Welland se las arregló para dar la impresión de que todo quedaba aclarado. Cualquier persona que tuviera más dudas debía de poseer una inteligencia inferior.

– De todos modos… -insistió Hankin, pese a sentirse tremendamente avergonzado-. No comprendo por qué, habiendo llegado ya a tanto, se han tomado tantas molestias para encontrar una voz. -Miró con irritación al pelirrojo y añadió-: Sobre todo teniendo en cuenta que ya disponen de esa voz… Supongo que la grabación que fui lo bastante necio para efectuar durante la Gran Búsqueda bastaría aunque me hubiera quedado mudo en aquel momento.

– ¡Hum! -Welland unió las puntas de los dedos y se recostó en su silla-. Temo que nos llevará algunos minutos aclarar ese punto. Lo que sucedió fue lo siguiente: muy al principio de la historia del servicio público prestado por Sueño Profundo, descubrimos que ciertos programas, en apariencia excelentes, obtenían resultados nulos. Atribuimos tal fallo a la presentación del material, no a su esencia. Nos servíamos de cualquier persona para efectuar las grabaciones, aunque sobre todo de actores y actrices sin empleo y con experiencia en declamación. Algunas de las voces seleccionadas llegaron a provocar reacciones de hostilidad subliminal en las clientes, con la consiguiente resistencia a la palabra hablada.
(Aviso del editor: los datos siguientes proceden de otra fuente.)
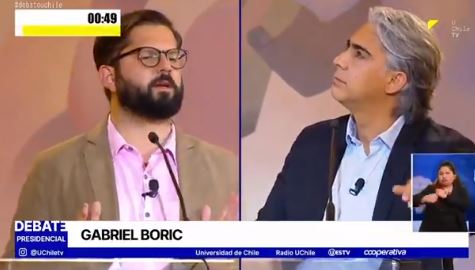 “Hablemos de cobardía con el cuarto retiro”: Boric y ME-O tuvieron duro cruce de palabras en debate de la U. de Chile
Por tal razón, formamos un equipo bajo la dirección de Ted, Ted Mannion, aquí presente, para que se encargase de desarrollar una voz óptima. Y lo consiguieron. ¡Maravillosa! De hecho, nuestro programa estándar más reciente ya la utiliza.

– ¿U… una voz artificial? -logró preguntar Hankin.

– Claro, ¿por qué no? Disponíamos ya de toscos voders hace casi medio siglo. Simplemente, nosotros teníamos más incentivos que otros investigadores para perfeccionar el dispositivo. ¡Ah! Y cuando digo «una» voz óptima, incluyo también la destinada a los hombres. Una voz de mujer, claro está, aunque en este caso todavía lo estamos discutiendo, como ya habrá oído. Supongo, señor Hankin, que ahora querrá saber dónde encaja usted. Bien, la respuesta es muy simple. Necesitábamos contar con una base mucho más amplia de clientela (un término elegante que significa mucho más dinero) para compensar el paso de nuestros programas estándar al método de la voz artificial. Un método muy caro… Y así, se me ocurrió la idea de una búsqueda a nivel nacional del hombre y la mujer con la voz óptima. Usted resultó el elegido. Cuando analizamos su breve grabación, y pese a su evidente nerviosismo, encontramos un tipo increíblemente próximo al ideal. De hecho, de haber sido usted un actor experimentado, o alguien acostumbrado a hablar en público, incluso hubiéramos pensado en usar su voz en la realidad, lo mismo que de manera oficial.